I don't think Freedom Tower is an overtly No Wave-sounding record, but at a certain point during the mixing process me and Alap Momin, who I was mixing it with, would reference a lot of Eighties tracks and people like Bush Tetras because this was a dance record, a dance party record.
After mixing a number of songs I began to question whether I was getting it right so there was a period of review and adjustment and part of that process was comparing, to go and listen to some early No Wave stuff.
The subtitle also serves to cement he New York City connection, a New York City happening. That was not a musical movement going on around the world. Whereas with punk there was an LA scene and in London, but No Wave was very localised.
About half a dozen street downtown.
Yeah, you could restrict it to a neighbourhood probably.
I love the subtitle “Dance Party” because it sounds like a fantastic mixtape, quite breathless. You've seen so many studios in your time, so why record at Daptone? Is there something in the walls which just oozes creativity?
When you walk in – no offense to Daptone – it's pretty funky, they built it themselves, it's part of a house and it's not a pretty place or a plush studio, it's pretty small.
But you've just got to listen to the records they make there, they make great records and know how to capture a live sound. And when we start making a record we always start with a live performance. We may totally turn that inside out, reverse it, cut it up and put post-modern futuristic tricks there. But we always start with the three of us playing the song live on the studio floor.
Also because it was going to be a dance party I didn't want to worry about a drum sound and I knew if I went to Daptone I'd come away with a great drum sound. We looked at other studios and considered our options but Daptone seemed the best fit for the songs we had and the record it was going to be.
Was it a fast recording?
The tracking took maybe four or five days, seven or eight hours a day. A lot of credit should go to the engineer Wayne Gordon at Daptone who was very easy to work with. We weren't in rush but most songs we revisited and made sure we good takes.
So for every song we'd consider a choice of amplifiers and whether we needed to change the high-hat . . . so adjustments were made all the way.
You mention post-modern, and it struck me immediately that it was post-modern in its liberal borrowing from the past. Already I've seen reviews where people mention Aerosmith, Run DMC, Beastie Boys, Rufus Thomas . . . When you see those reviews do you feel pleased that people are getting your reference points.
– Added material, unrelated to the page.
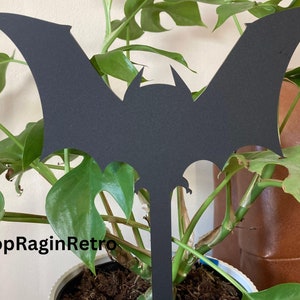 May include: Black metal bat silhouette garden stake. The stake is inserted into a potted plant with green leaves.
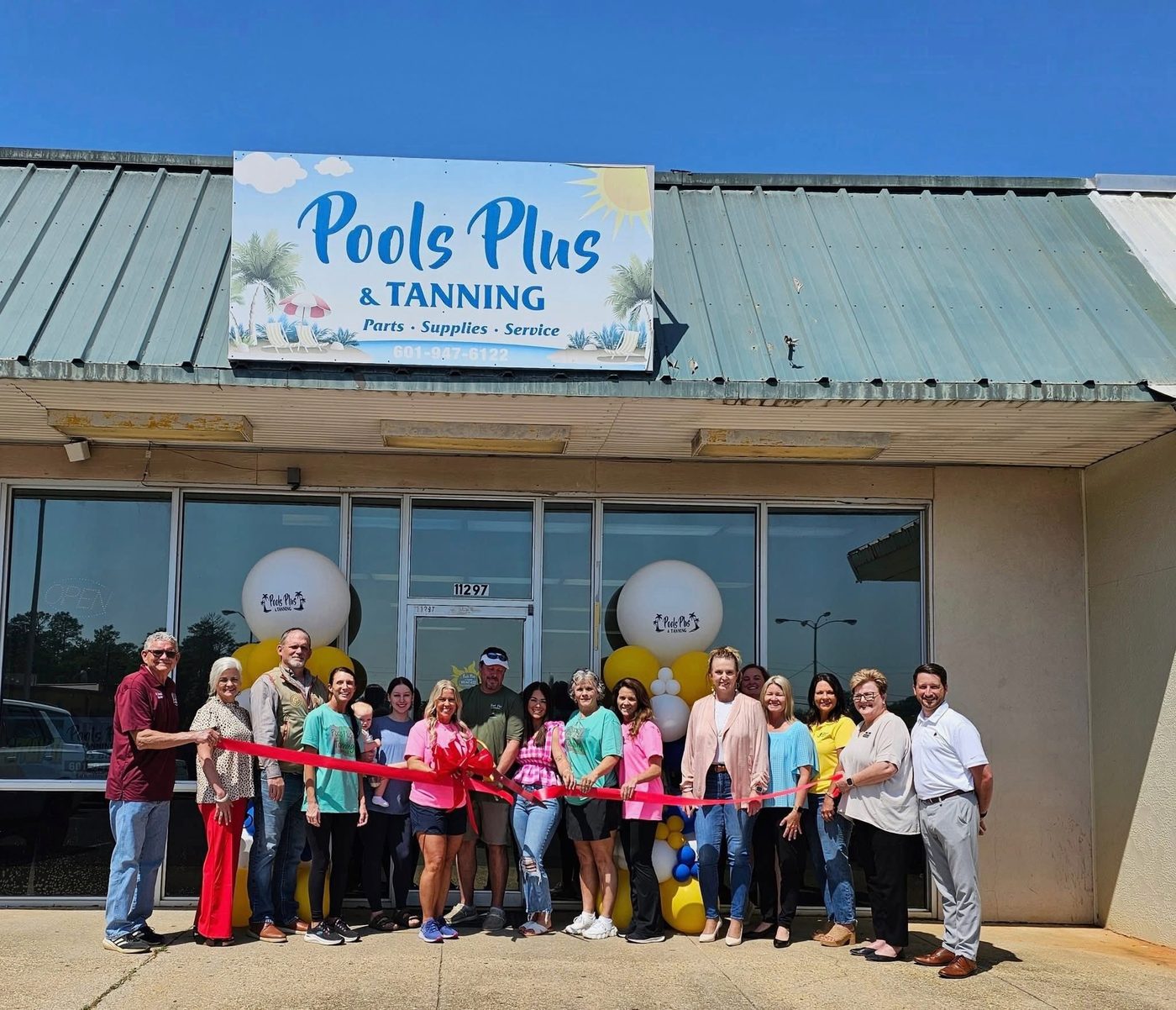 The Pools Plus and Tanning storefront on Old Highway 63, with staff and George County Chamber of Commerce members at the ribbon cutting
I don't think everybody get all of them, but people do get a good part of them. I don't think it's key to enjoying a Blues Explosion album or a live performance, but you can maybe get another level of enjoyment or a deeper understanding of what we're doing.
But it's not the be-all and end-all, the songs have to stand on their own two feet.
You are coming to New Zealand again, been a couple of years since you were last here.
That sounds about right. This is actually a tour too, four shows, so I'm excited about that. It's always great to play in places we've never played before. We've been to New Zealand many times over our career but we've never been to the South Island so I'm excited about that.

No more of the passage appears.